▶ WORK ITEM: Without changing a thing, reproduce the entire listing and leave out its pictures.

▶ DATA SECTION:
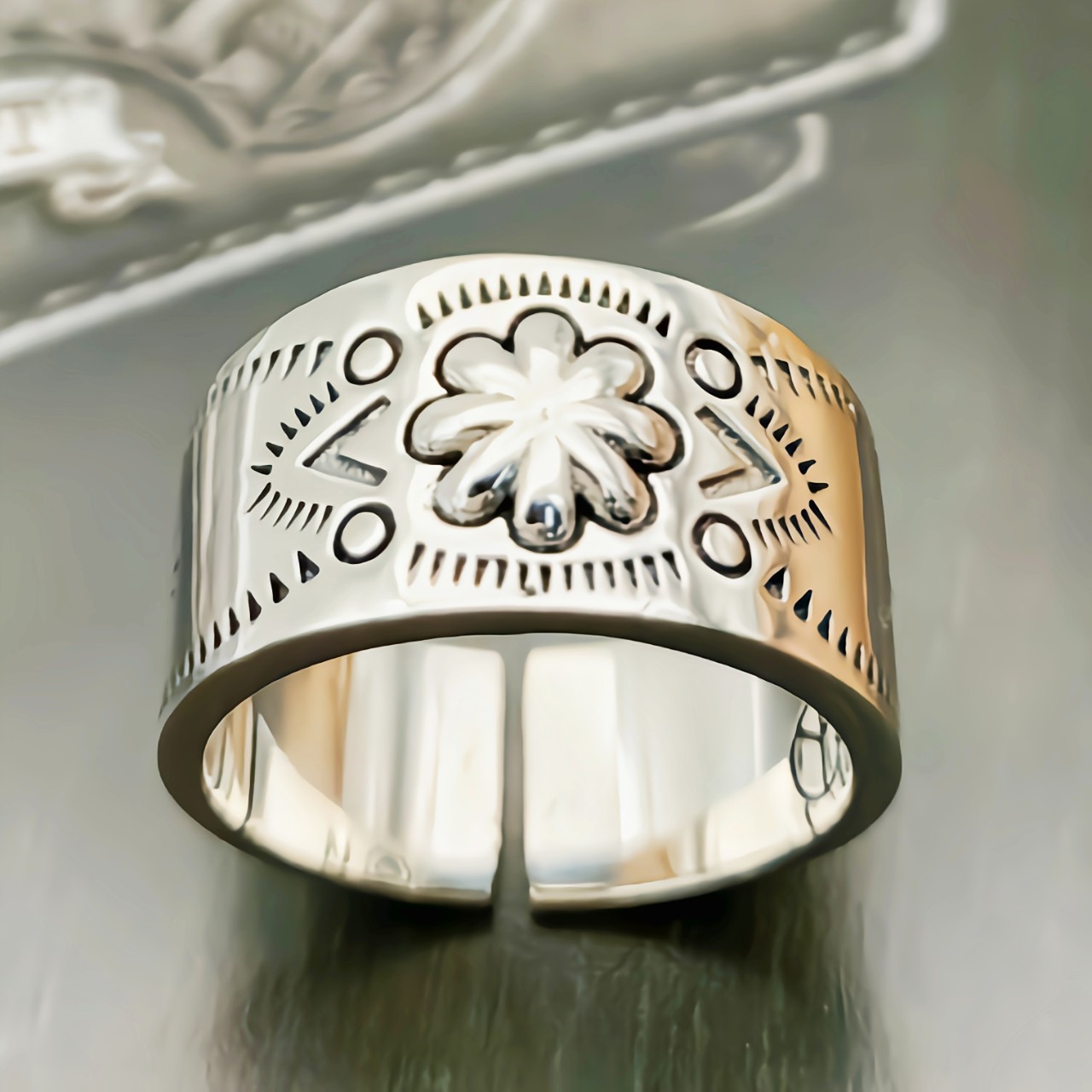新款s925 纯银纳瓦霍风格菊花星戒指匠人复古男女潮手工银饰饰品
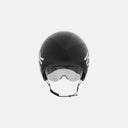 Casco aerodinámico KASK Bambino Pro negro con visera magnética transparente, ideal para ciclismo de contrarreloj.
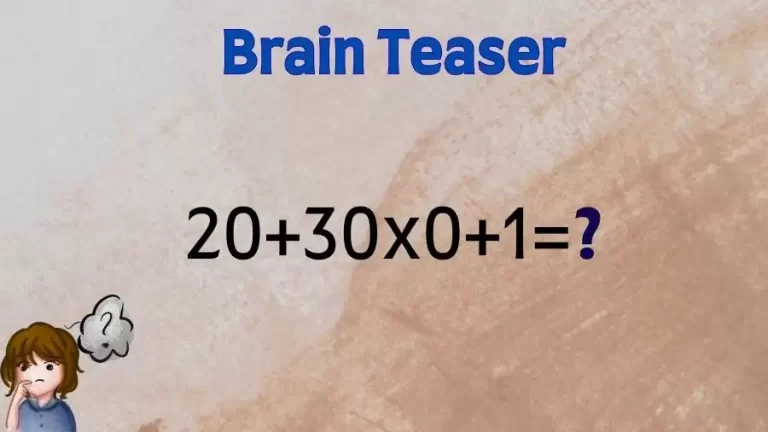 Brain Teaser IQ Test: Equate 20+30x0+1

▶ RESULT OF THIS TASK:
新款s925 纯银纳瓦霍风格菊花星戒指匠人复古男女潮手工银饰饰品
 Casco aerodinámico KASK Bambino Pro negro con visera magnética transparente, ideal para ciclismo de contrarreloj.
 Brain Teaser IQ Test: Equate 20+30x0+1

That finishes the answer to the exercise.